**Try it:** Everything in the records below from the line containing "Summer Dress High S… - image" through the line containing "K&N Luftfilter, FZ750" is to be reproduced exactly, those two lines included; no picture is to be copied.

**Information:**
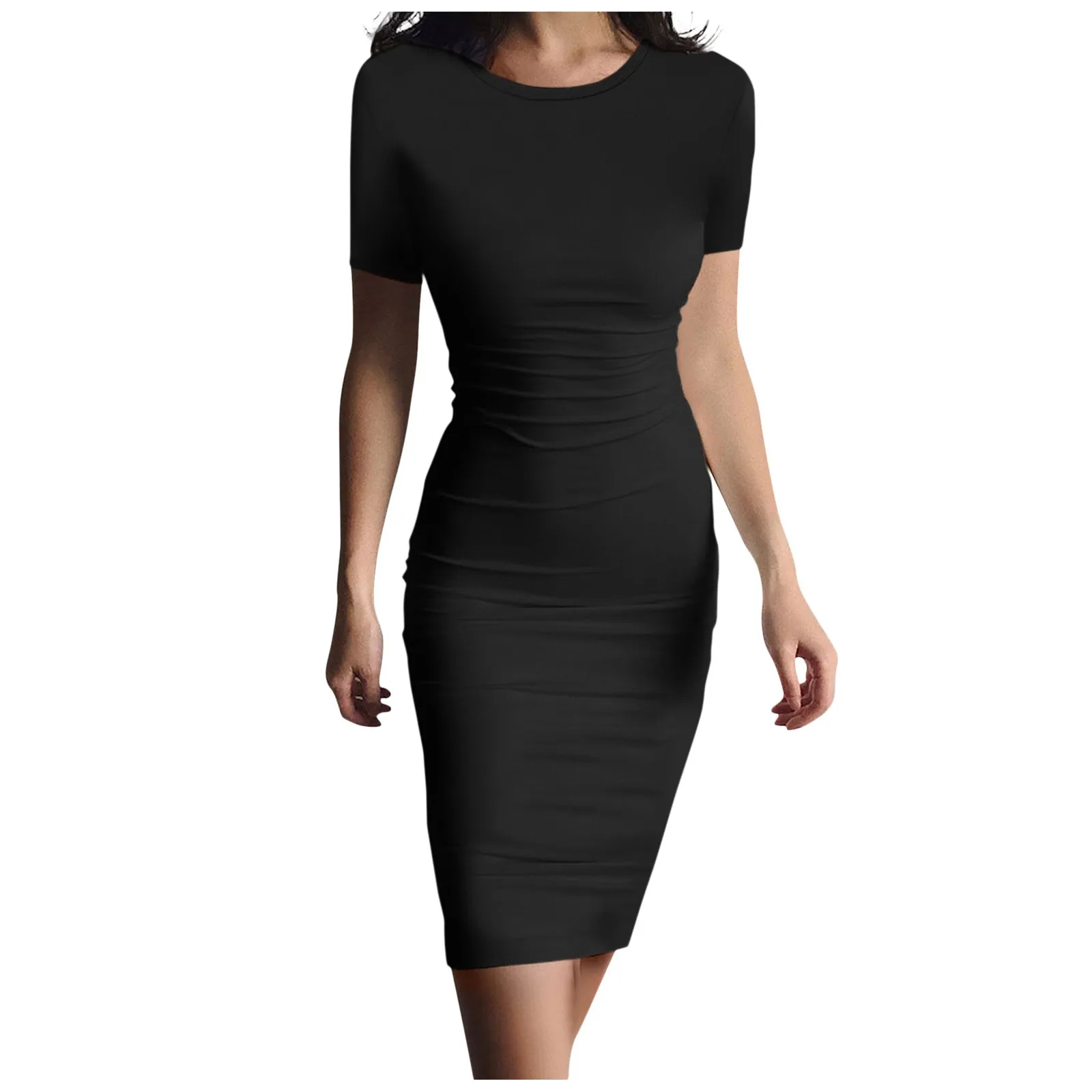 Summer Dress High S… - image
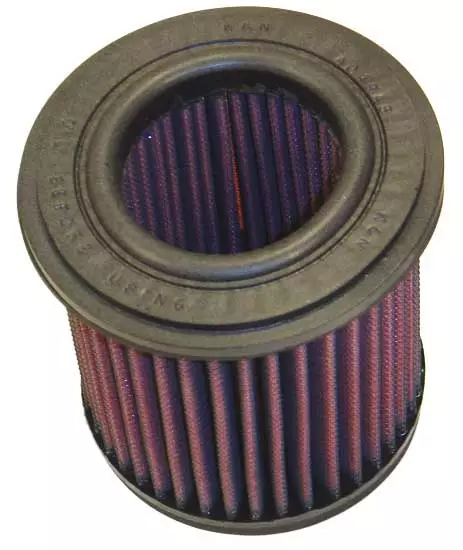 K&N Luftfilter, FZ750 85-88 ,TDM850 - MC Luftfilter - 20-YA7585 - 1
--
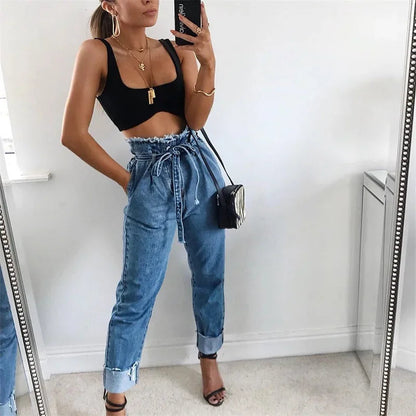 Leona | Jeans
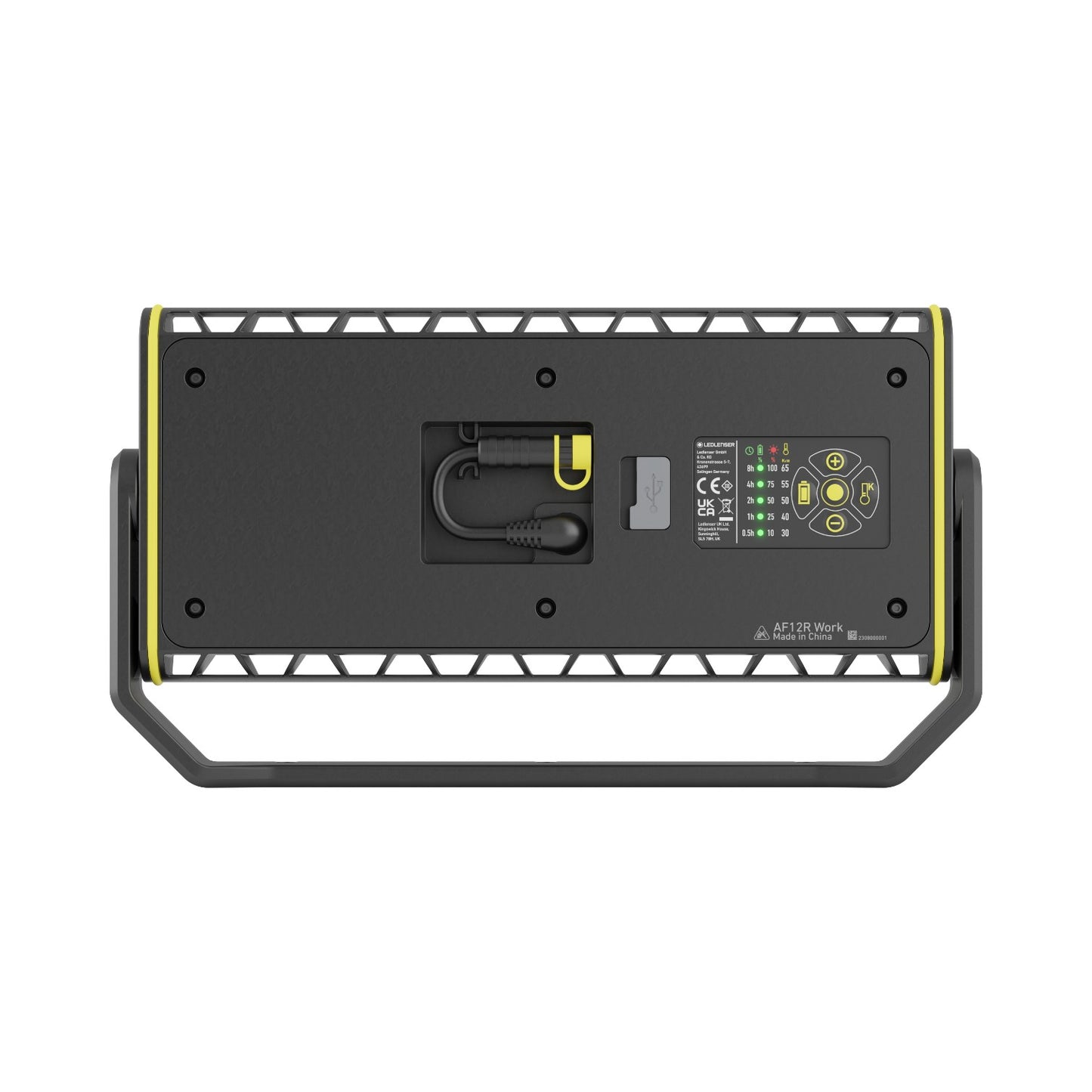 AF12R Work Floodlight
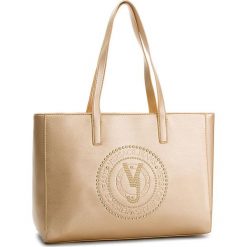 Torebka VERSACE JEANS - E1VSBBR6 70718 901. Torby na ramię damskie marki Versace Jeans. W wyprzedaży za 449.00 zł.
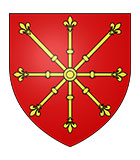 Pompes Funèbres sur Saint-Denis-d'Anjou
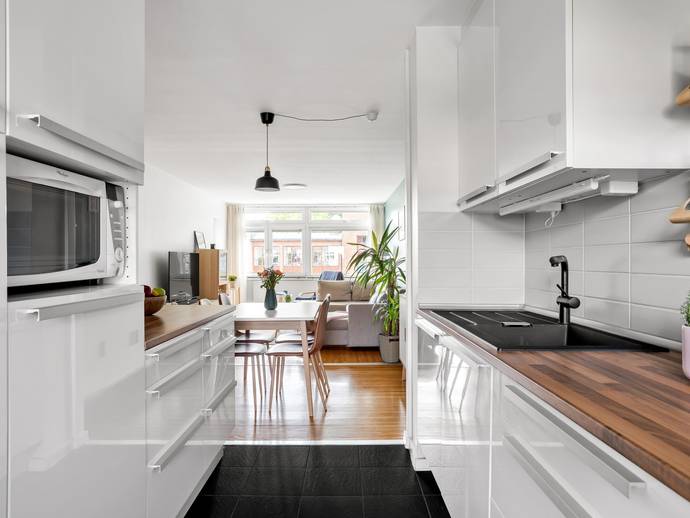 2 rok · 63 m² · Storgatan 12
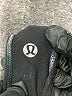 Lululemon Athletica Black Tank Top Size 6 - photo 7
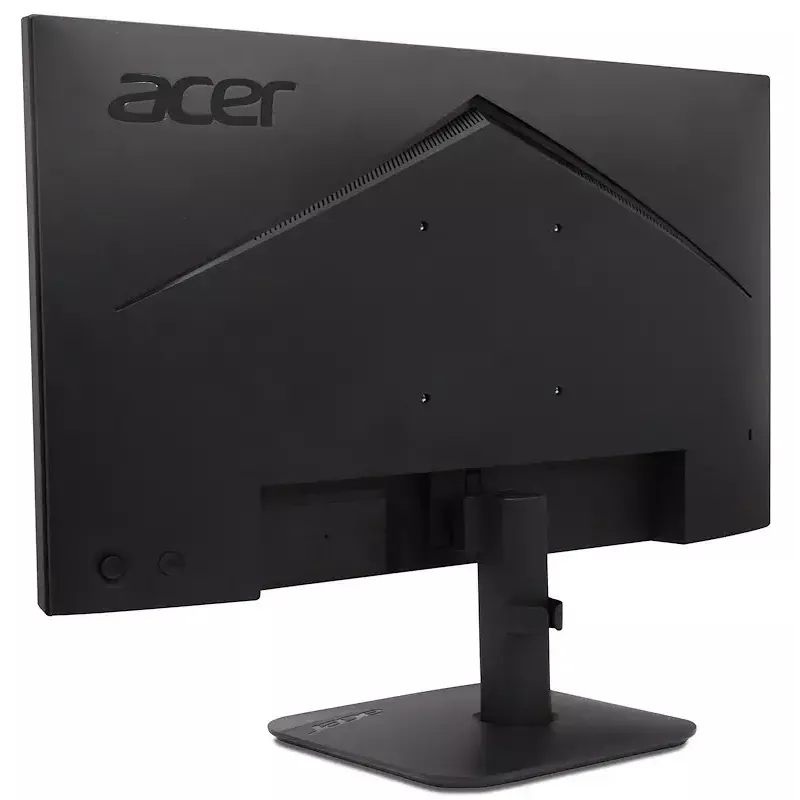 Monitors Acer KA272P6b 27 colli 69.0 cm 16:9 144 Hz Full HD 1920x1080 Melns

**Answer to the exercise:**
 Summer Dress High S… - image
 K&N Luftfilter, FZ750 85-88 ,TDM850 - MC Luftfilter - 20-YA7585 - 1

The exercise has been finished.